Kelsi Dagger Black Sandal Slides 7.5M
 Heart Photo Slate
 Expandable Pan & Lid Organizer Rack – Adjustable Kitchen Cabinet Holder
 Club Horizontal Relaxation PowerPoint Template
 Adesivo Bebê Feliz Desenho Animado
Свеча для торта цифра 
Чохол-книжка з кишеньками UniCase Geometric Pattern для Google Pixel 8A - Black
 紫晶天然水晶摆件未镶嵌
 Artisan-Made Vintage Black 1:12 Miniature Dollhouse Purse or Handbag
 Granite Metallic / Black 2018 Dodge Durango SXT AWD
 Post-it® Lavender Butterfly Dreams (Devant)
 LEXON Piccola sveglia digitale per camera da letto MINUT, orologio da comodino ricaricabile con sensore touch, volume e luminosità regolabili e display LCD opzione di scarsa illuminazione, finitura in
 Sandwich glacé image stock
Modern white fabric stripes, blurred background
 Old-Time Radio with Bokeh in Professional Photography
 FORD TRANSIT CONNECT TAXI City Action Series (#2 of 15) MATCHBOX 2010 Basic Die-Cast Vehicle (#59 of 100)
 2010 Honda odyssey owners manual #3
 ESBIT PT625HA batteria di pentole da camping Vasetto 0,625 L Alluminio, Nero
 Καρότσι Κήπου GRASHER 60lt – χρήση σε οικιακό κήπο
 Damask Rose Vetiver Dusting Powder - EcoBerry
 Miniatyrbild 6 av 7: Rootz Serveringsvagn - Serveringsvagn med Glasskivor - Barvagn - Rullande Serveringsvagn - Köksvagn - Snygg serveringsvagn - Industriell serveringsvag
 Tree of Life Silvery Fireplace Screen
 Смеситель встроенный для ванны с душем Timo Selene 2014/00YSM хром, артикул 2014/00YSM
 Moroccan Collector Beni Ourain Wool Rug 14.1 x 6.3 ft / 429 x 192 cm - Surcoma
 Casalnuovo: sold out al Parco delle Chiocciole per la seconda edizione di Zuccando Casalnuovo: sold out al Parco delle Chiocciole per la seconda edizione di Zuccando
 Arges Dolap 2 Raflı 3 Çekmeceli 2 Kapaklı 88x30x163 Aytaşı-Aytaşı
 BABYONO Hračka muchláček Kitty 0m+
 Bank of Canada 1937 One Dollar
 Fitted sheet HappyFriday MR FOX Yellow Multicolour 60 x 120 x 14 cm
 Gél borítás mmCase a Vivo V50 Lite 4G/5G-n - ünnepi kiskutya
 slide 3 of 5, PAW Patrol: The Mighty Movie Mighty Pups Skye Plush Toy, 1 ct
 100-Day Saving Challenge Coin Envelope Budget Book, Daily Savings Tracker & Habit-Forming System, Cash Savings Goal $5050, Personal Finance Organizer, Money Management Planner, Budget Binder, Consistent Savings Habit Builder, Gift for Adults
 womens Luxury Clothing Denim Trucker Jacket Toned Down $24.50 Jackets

--

(EXERCISE DETAILS)
Exact reproduction is required: output the lines from the start of the entries above through the line with "Artisan-Made Vintage Black".

(EXERCISE RESULT)
Kelsi Dagger Black Sandal Slides 7.5M
 Heart Photo Slate
 Expandable Pan & Lid Organizer Rack – Adjustable Kitchen Cabinet Holder
 Club Horizontal Relaxation PowerPoint Template
 Adesivo Bebê Feliz Desenho Animado
Свеча для торта цифра 
Чохол-книжка з кишеньками UniCase Geometric Pattern для Google Pixel 8A - Black
 紫晶天然水晶摆件未镶嵌
 Artisan-Made Vintage Black 1:12 Miniature Dollhouse Purse or Handbag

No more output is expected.